START Given records

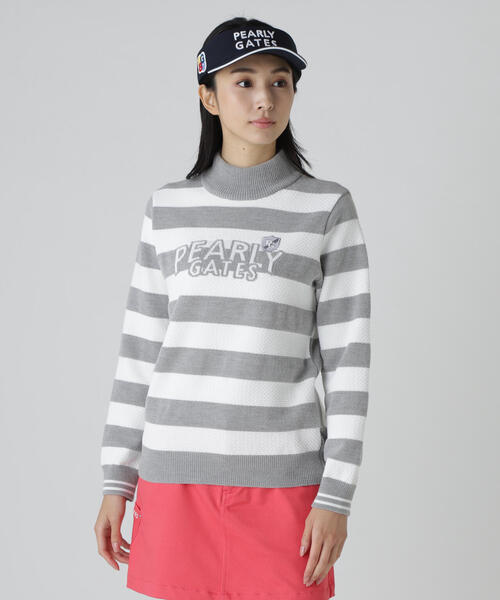 PEARLY GATES(パーリーゲイツ)の「【PEARLY GATES】10G天竺ボーダー柄モックネックニットプルオーバー(Tシャツ/カットソー・レディース・グレー系その他/ホワイト系その他・LARGE/SMALL/MEDIUM)」の2枚目の写真
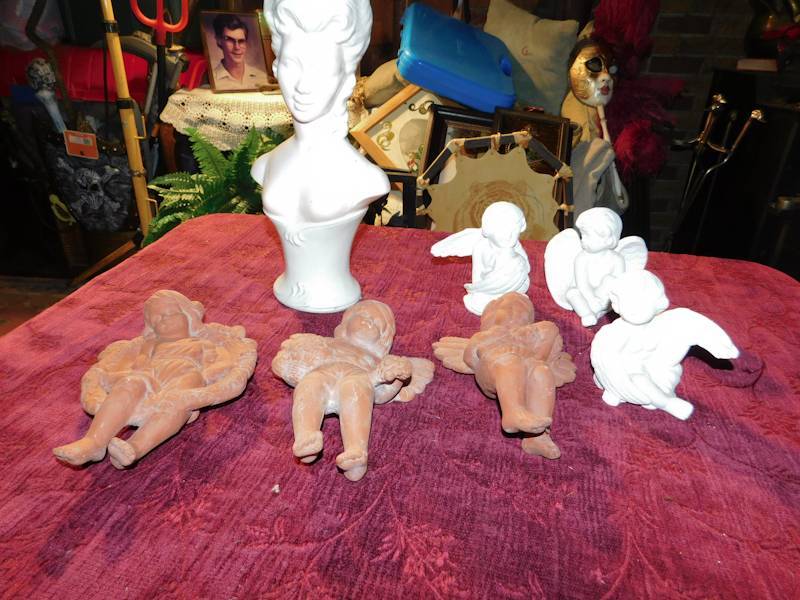 lot 123 image: lot of cherub and angel figures and bust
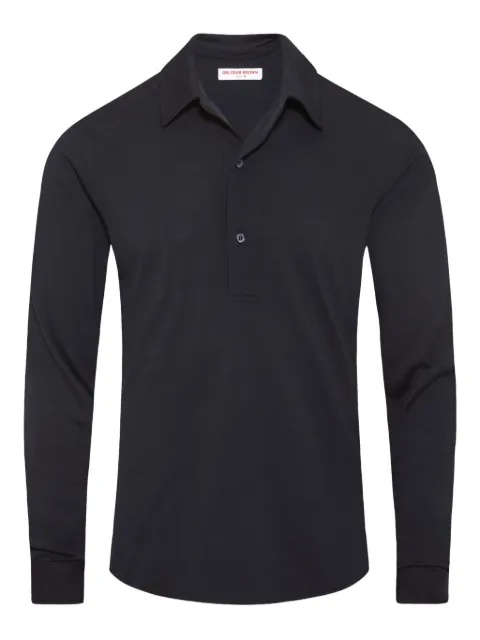Orlebar Brown long-sleeve merino wool polo shirt Blue 281101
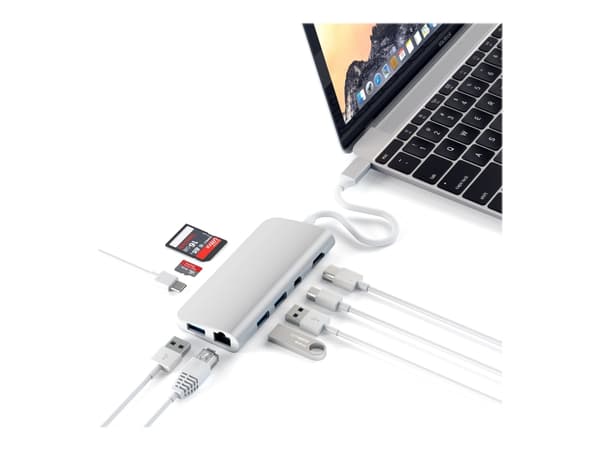 Satechi Alumiininen Type-C multimediasovitin - telakointiasema - USB-C - Mini DP - GigE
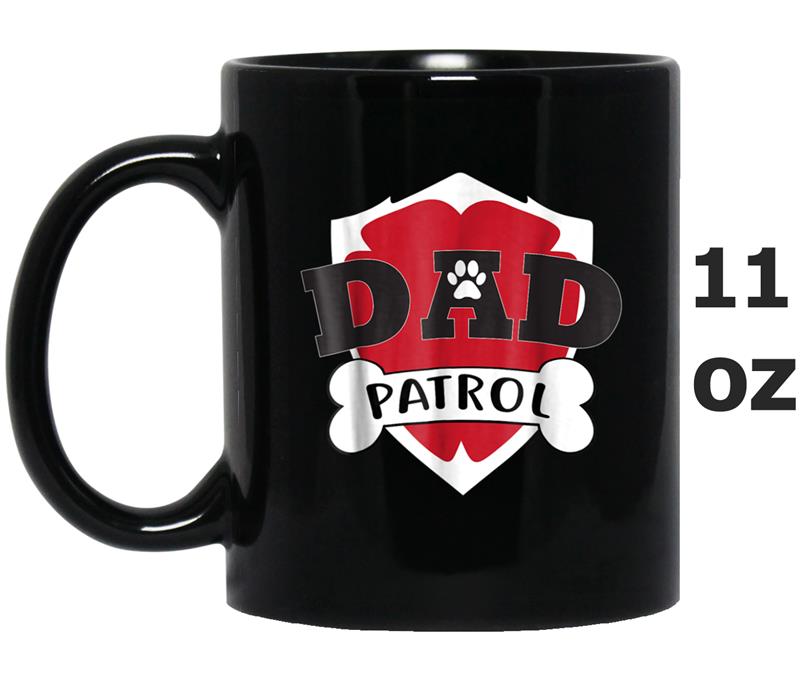 Mens Funny Dad Patrol  Dog Dad Tee Mug OZ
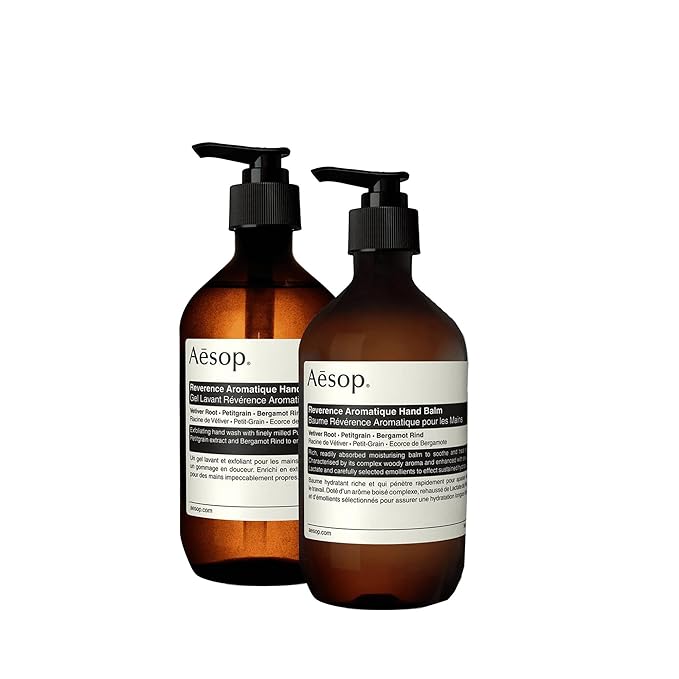 Aesop Reverence Hand Wash & Balm Set | Woody, Earthy Duo that Exfoliates & Hydrates Hands | 16.9 oz / 500mL (Set of 2)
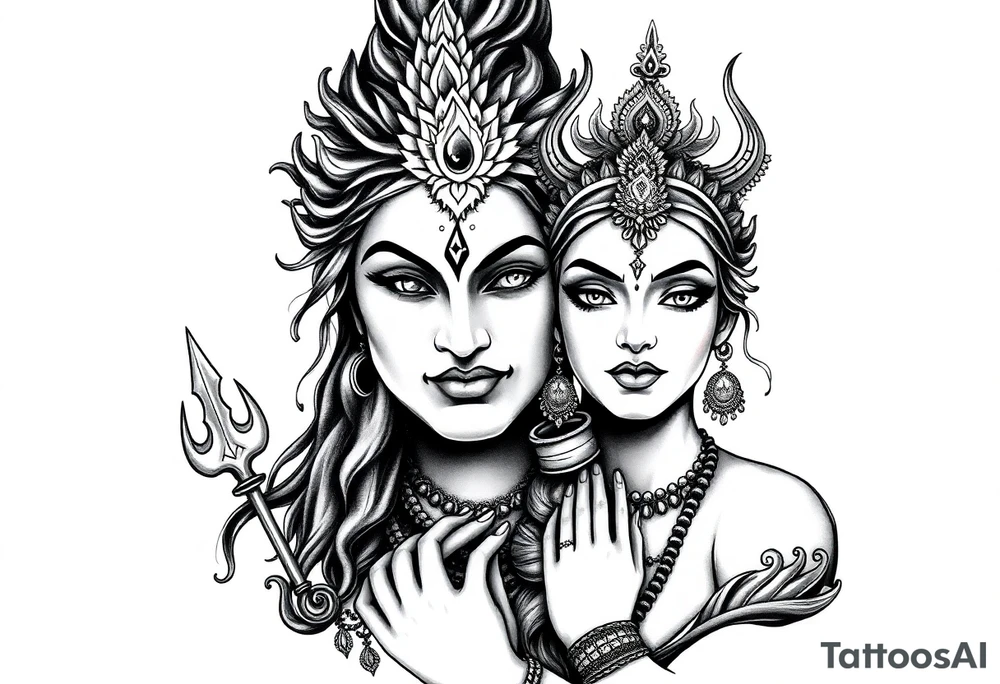Lord Shiva, Godess Kali, Godess Lilith Together tattoo idea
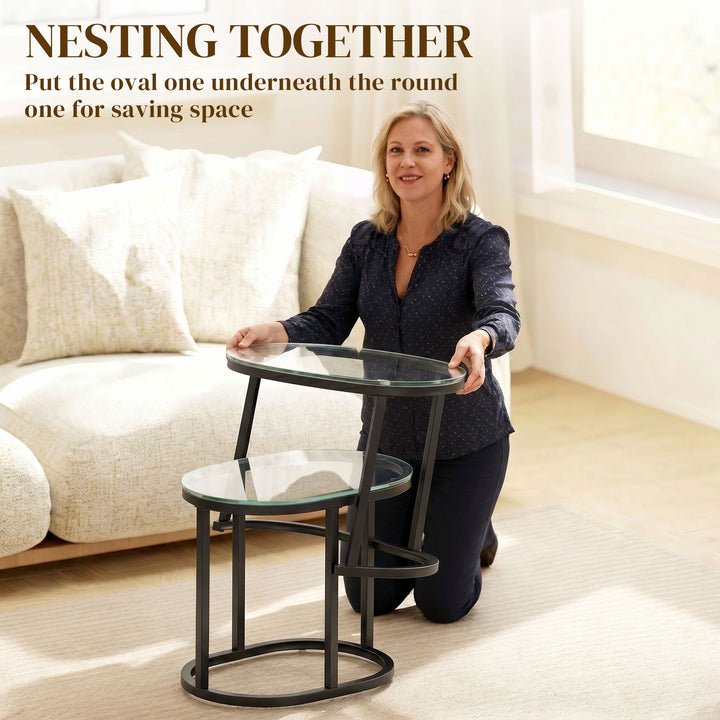 Nest of Tables with Steel Frame and Tempered Glass Tabletop, Modern Co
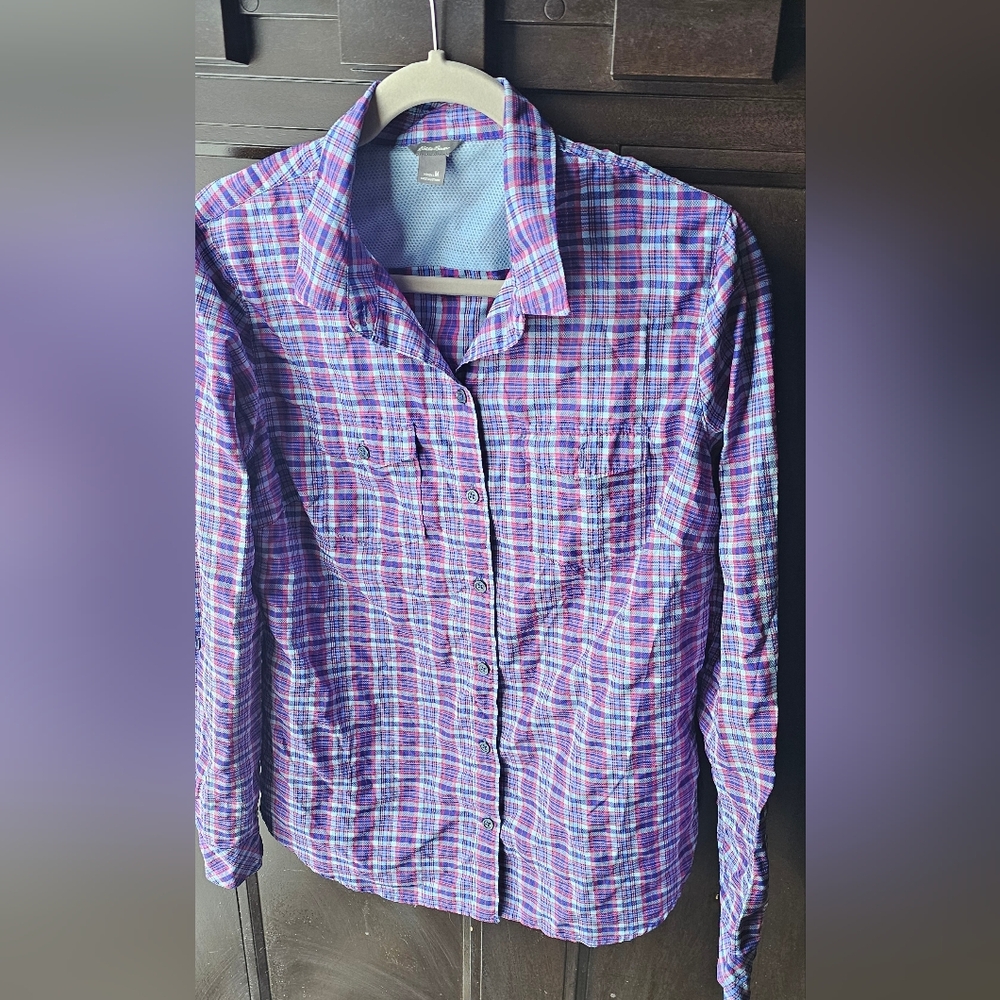 Eddie Bauer Women's Plaid Button-Up Shirt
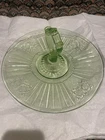 Vintage Anchor Hocking Green Uranium Glass Server Mayfair Open Rose.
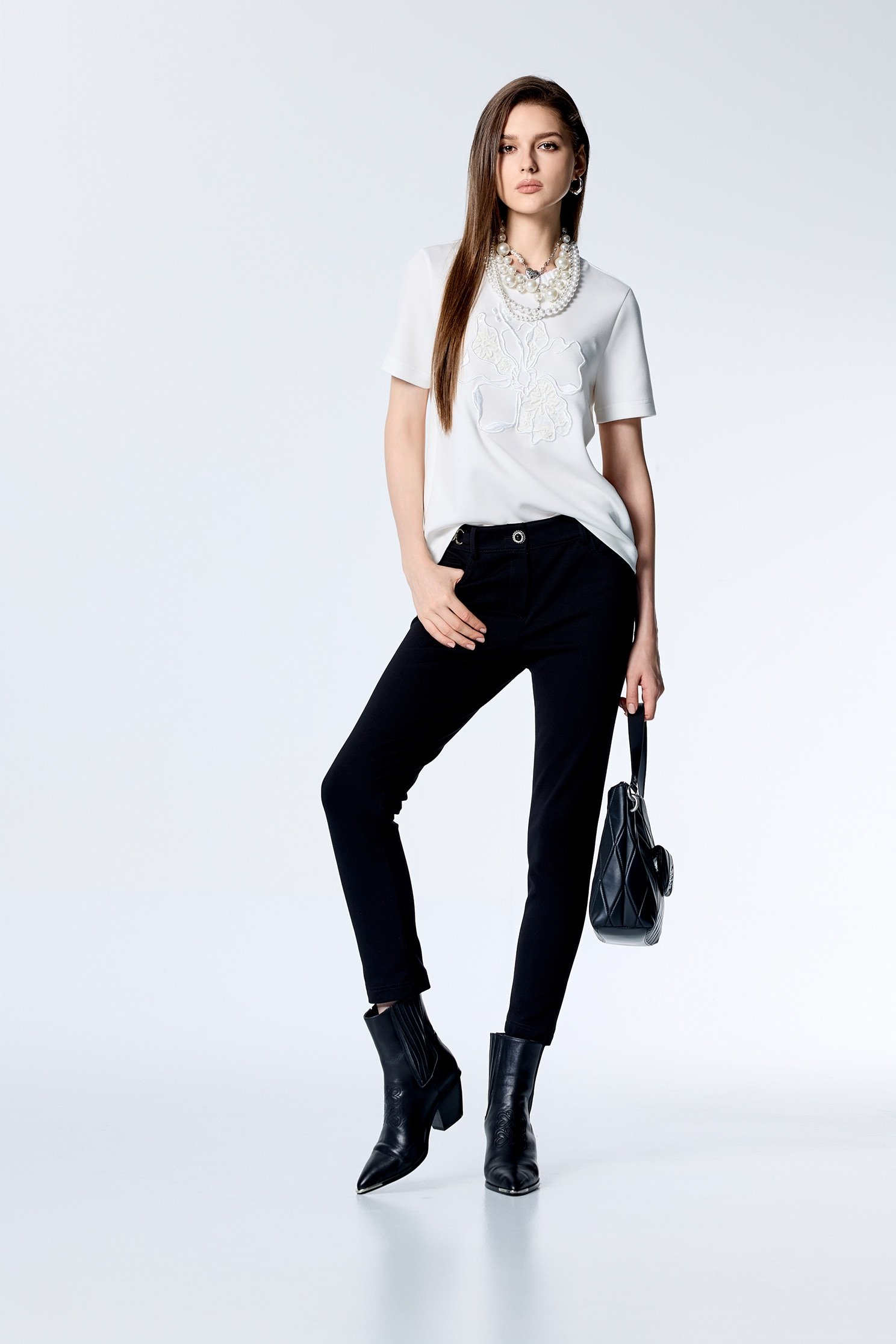 Floral Embroidery Short Sleeve TeeFloral Embroidery Short Sleeve Tee,Tops,Season (SS) Look,Lace tops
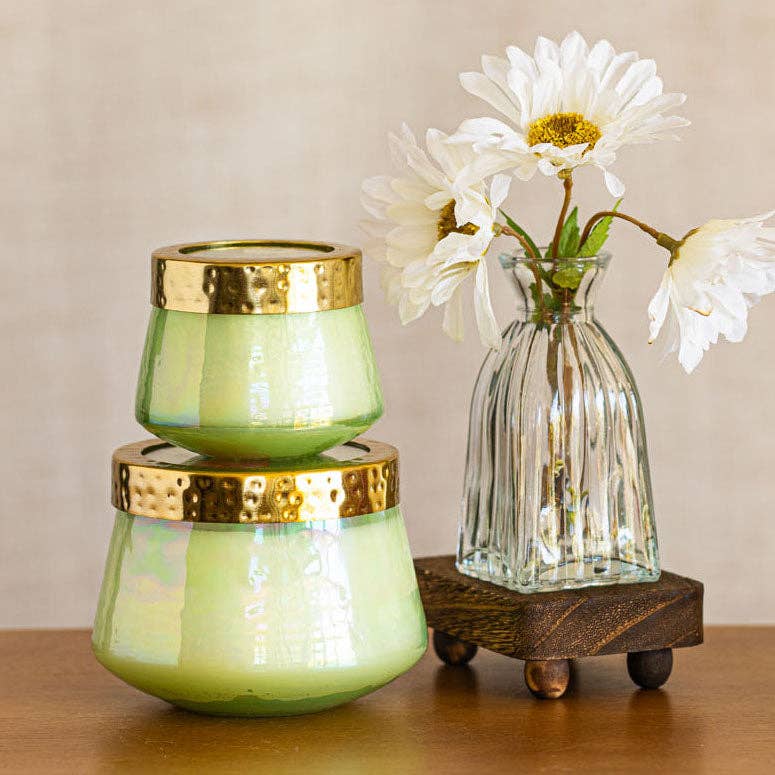 Petite Watercolor Pressed Floral Candle - Tomato Vine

END Given records

- Task to complete -
Your task is to reproduce exactly the lines running from the line that contains "Vintage Anchor Hocking" to the end of the records, pictures excluded.

- Final answer -
 Vintage Anchor Hocking Green Uranium Glass Server Mayfair Open Rose.
 Floral Embroidery Short Sleeve TeeFloral Embroidery Short Sleeve Tee,Tops,Season (SS) Look,Lace tops
 Petite Watercolor Pressed Floral Candle - Tomato Vine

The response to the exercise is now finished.